Interesting, I haven't worked with rainbow tables very much since by the time I got into the world of hash cracking it had either been deprecated by salting or wasn't relevant (i.e. NTLM). That is a clever trick of trading back some of the space for extra time; I remember some of the rainbow table file sizes being ridiculous to the point of almost unusable haha.

edit: spelling

If one uses bcrypt for hashing passwords, as currently the best practice recommends, building basically a salted rainbow table becomes rather expensive, too. Not impossible, since the amortized cost for many common passwords is relatively low, but still sort of expensive.

Ideally a machine that generates and checks the hashes should be a box without a NIC, connected to the rest of the servers via a bunch of RS-232 ports. This would make extracting the salt much harder, down to effectively impossible. Few orgs can afford such a setup, though, due to the hassle of administering it.

> Not impossible, since the amortized cost for many common passwords is relatively low, but still sort of expensive.

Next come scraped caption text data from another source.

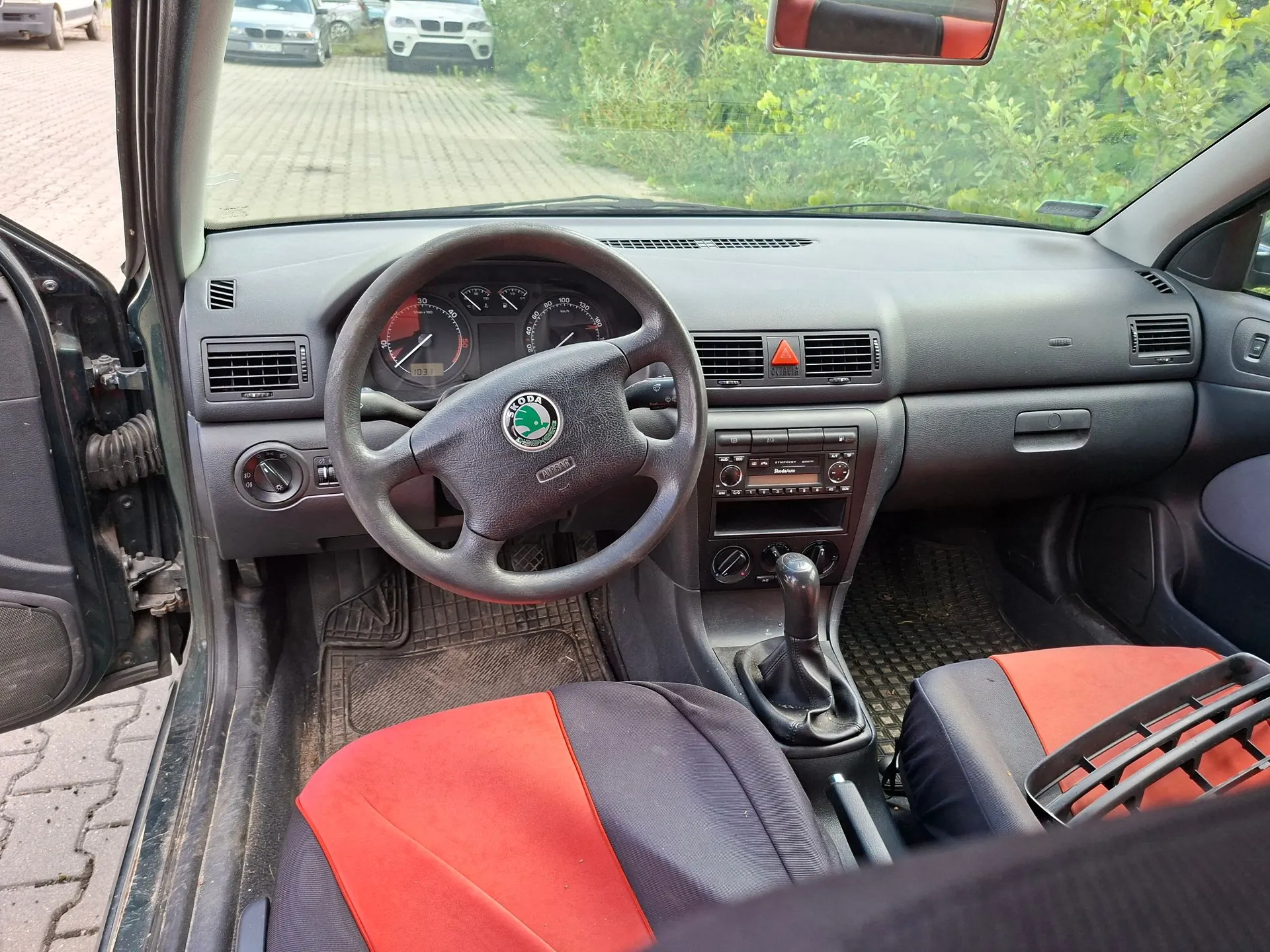 Wnętrze samochodu marki Skoda widziane z perspektywy pasażera. Widoczna jest ciemnoszara deska rozdzielcza, kierownica z logo Skody, zegary analogowe, radio oraz lewarek zmiany biegów. Fotele mają czarno-czerwoną tapicerkę. Przez przednią szybę widać zaparkowane samochody i zieleń.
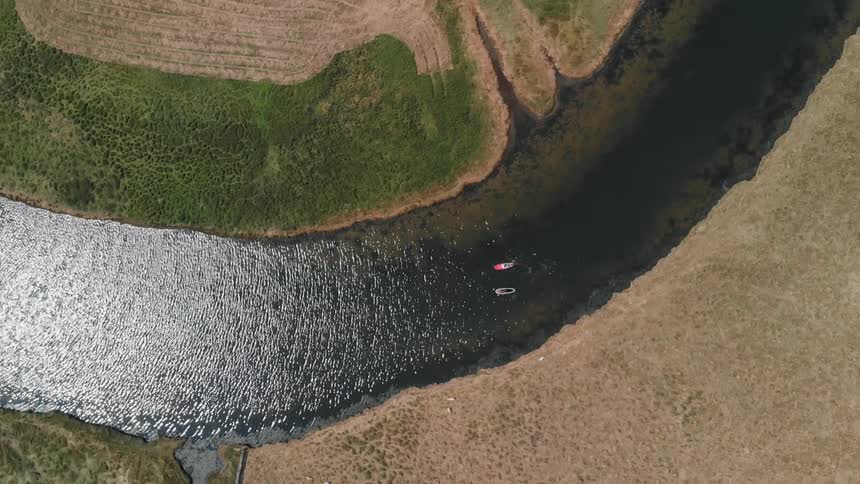 Two people kayak on a river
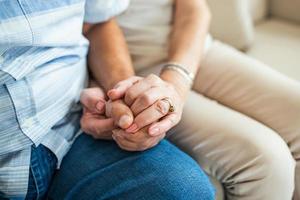 Close up of mature old husband and wife hold hands show love and care. Senior couple holding hands while sitting together at home. Elderly relationships, marriage concept photo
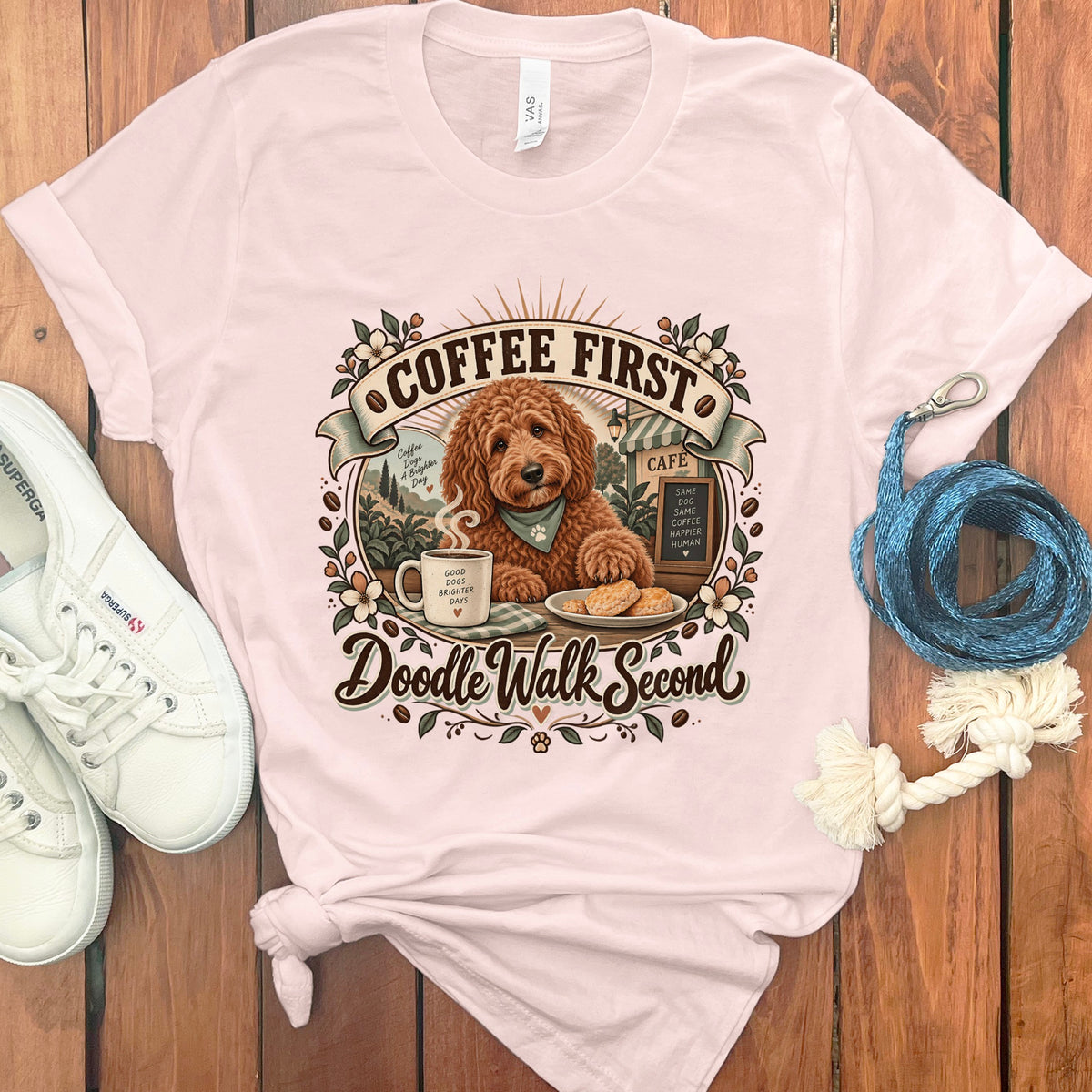 Light pink t-shirt with a doodle graphic that says "Coffee First, Doodle Walk Second".
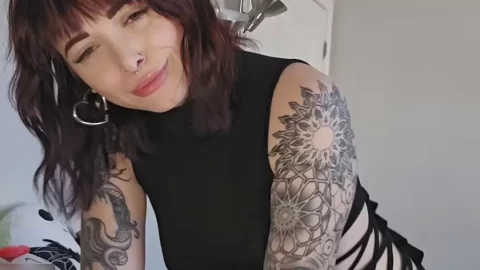 Brunette with Tattoos and Nose Piercing Gets Intimate
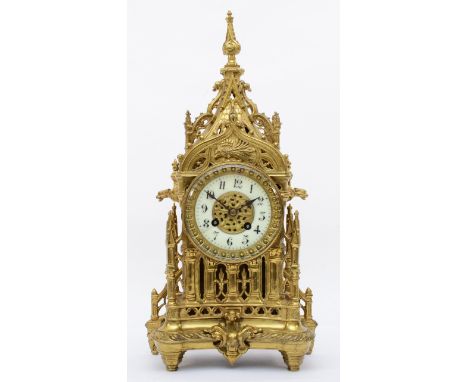 A late 19th/early 20th century gilt brass Architectural mantle clock, cast in the from of a Gothic style tower, the white cha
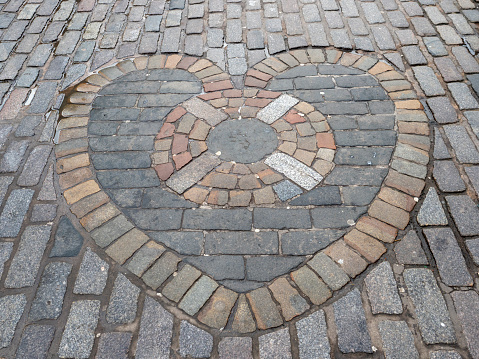 The Heart of Midlothian, a heart shaped pattern of cobblestones in the Royal Mile, Edinburgh, Scotland.
It is considered good luck to spit onto the stone when passing by.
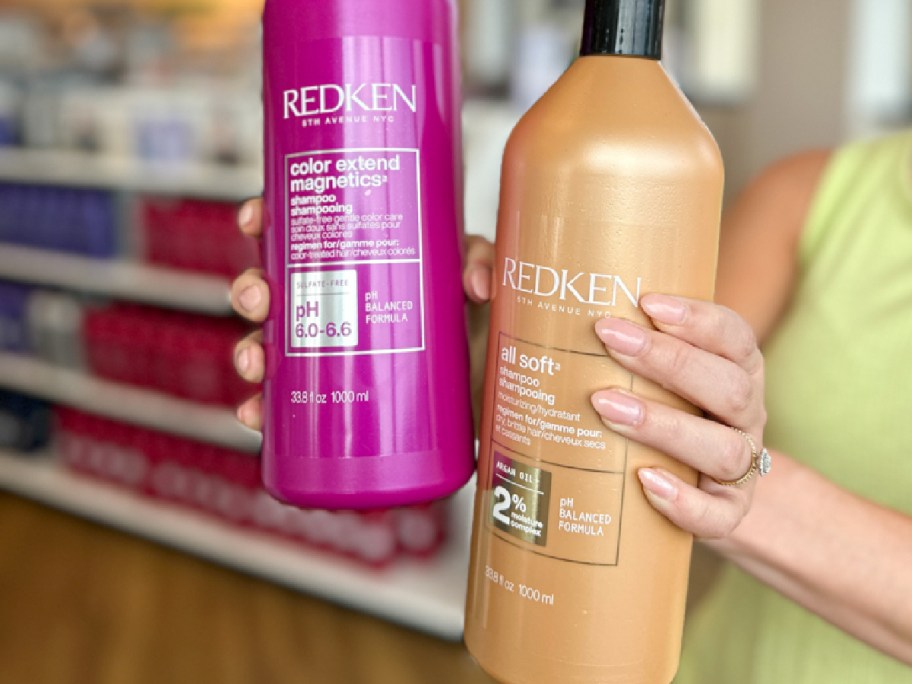 woman holding large bottles of redken hair care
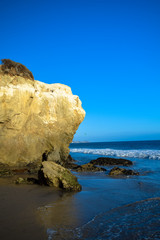 Fototapeta premium Rock formations in the late afternoon on El Matator State Beach in Malibu, California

This statement seems like it gravely underplays the numbers.

Traditional Unix crypt uses a 12-bit salt. So this means your precomputation (whether a Rainbow Table or not) is 4096 times more expensive. That's just about plausible though already uncomfortable ("Sorry boss, I know you said the budget was $10 but I actually spent forty thousand dollars").

But bcrypt uses a 128-bit salt. So now your precomputation is so much more expensive that if the equivalent ordinary brute force attack on a single password cost 1ยข and took one second on one machine, you'd spend a billion dollars per second, over a billion seconds, on each of a billion machines, and still not even have scratched the surface of the extra work you've incurred to do your precomputation.

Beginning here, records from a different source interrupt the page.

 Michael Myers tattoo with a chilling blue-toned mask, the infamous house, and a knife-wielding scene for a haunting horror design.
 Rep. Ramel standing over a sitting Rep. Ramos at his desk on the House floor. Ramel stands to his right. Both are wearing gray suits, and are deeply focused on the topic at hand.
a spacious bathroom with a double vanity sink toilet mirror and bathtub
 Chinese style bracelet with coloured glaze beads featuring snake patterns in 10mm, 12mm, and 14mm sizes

Or to put it another way: Impossible in practice.

I see! But the case I'm arguing about is when the salt is known, pilfered along the password hashes during a compromise.
So what are you precomputing?

Rainbow Tables are a precomputation "time-space tradeoff" attack. You do a bunch of preparatory work which is amortized over multiple attacks and results in needing space to store all your pre-computed data. This is nice for two reasons:

1. You get to do all the hard work before your attack, leaving less time between the attack and your successful acquisition of the passwords compared to work that's necessarily done after stealing the credential database.

2. You can re-use this work in other attacks

But if you're waiting until you know the salt you don't get either of these advantages, so Rainbow Tables are irrelevant.

It's like if somebody mentions the F-14 fighter jet in a discussion about the fastest way to get from Times Square to Trump Tower. Yes the F-14 fighter jet is a fast aeroplane, but it can't go to either of those places so it isn't relevant whereas Usain Bolt is a very fast human so he really could run from one to the other.